PURPOSE OF THE STUDY.
To investigate the differences in early food introduction in urban versus suburban populations.
The study included 200 caregiver questionnaires. The questionnaires were distributed among an urban Medicaid-based population affiliated with Cincinnati Children’s Hospital Medical Center and a suburban private insurance–based population from Montgomery, Ohio (14 miles outside of Cincinnati, Ohio).
A caregiver questionnaire was dispersed at 4-month-old to 3-year-old well-child checkups between January and March 2010. A total of 200 questionnaires were given out evenly among urban and suburban populations. Families were asked the age at which formula and solid foods were introduced and what food was introduced. The questionnaire also included questions relating to demographic characteristics, child’s history of atopy, family history, practitioner recommendations on food introduction, and type of insurance. Data were analyzed by using the random forest method to determine which factors affecting the age of introduction were most significant.
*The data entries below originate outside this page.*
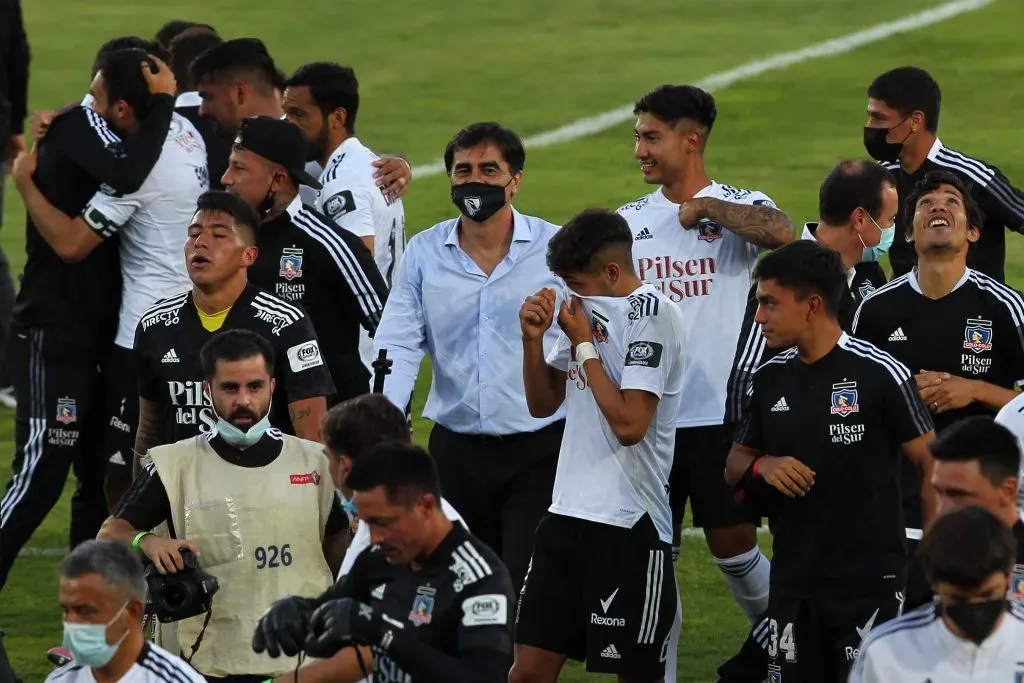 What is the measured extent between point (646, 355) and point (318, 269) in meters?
1.96

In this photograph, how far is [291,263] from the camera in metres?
8.20

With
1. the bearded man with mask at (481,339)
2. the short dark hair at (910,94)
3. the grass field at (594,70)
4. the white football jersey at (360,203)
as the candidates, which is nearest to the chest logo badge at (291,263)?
the bearded man with mask at (481,339)

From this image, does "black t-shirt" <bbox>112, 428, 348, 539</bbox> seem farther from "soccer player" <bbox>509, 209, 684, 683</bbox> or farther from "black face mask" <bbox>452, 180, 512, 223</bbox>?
"black face mask" <bbox>452, 180, 512, 223</bbox>

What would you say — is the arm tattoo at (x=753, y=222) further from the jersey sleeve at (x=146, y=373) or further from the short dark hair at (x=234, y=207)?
the jersey sleeve at (x=146, y=373)

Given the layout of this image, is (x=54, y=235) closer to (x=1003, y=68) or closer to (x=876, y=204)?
(x=876, y=204)

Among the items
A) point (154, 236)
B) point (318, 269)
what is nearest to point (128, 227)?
point (154, 236)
Of the 200 questionnaires distributed, 185 were returned (99 from the suburban setting and 86 from the urban setting). The urban population included African Americans with public insurance primarily, whereas the suburban population was largely made up of white non-Hispanics with private health care insurance. In comparing the 2 groups, solids were introduced at similar ages. However, allergenic foods were introduced earlier in the urban population versus the suburban population. Specifically, whole cow’s milk, peanut, fish, and egg were all introduced at a statistically significant earlier age in the urban population. The suburban population delayed the introduction of egg, fish, and peanut to 12 months or older on average. The recommended age of introduction by health care professionals was the most significant variable in the introduction of all foods.
Urban populations introduced allergenic foods earlier than suburban populations. Recommendations made by health care professionals were the most influential factors in food introduction.
Recent guidelines regarding food introduction have dramatically changed our recommendations to families. As health care providers, we may forget the influence our advice has on many young lives and families. These results emphasize the significance and effectiveness of having clear and concise guidelines in practice. Additionally, this study highlights the gap and need for continued research into appropriate timing for the introduction of allergenic foods, so as to minimize disparities between different populations.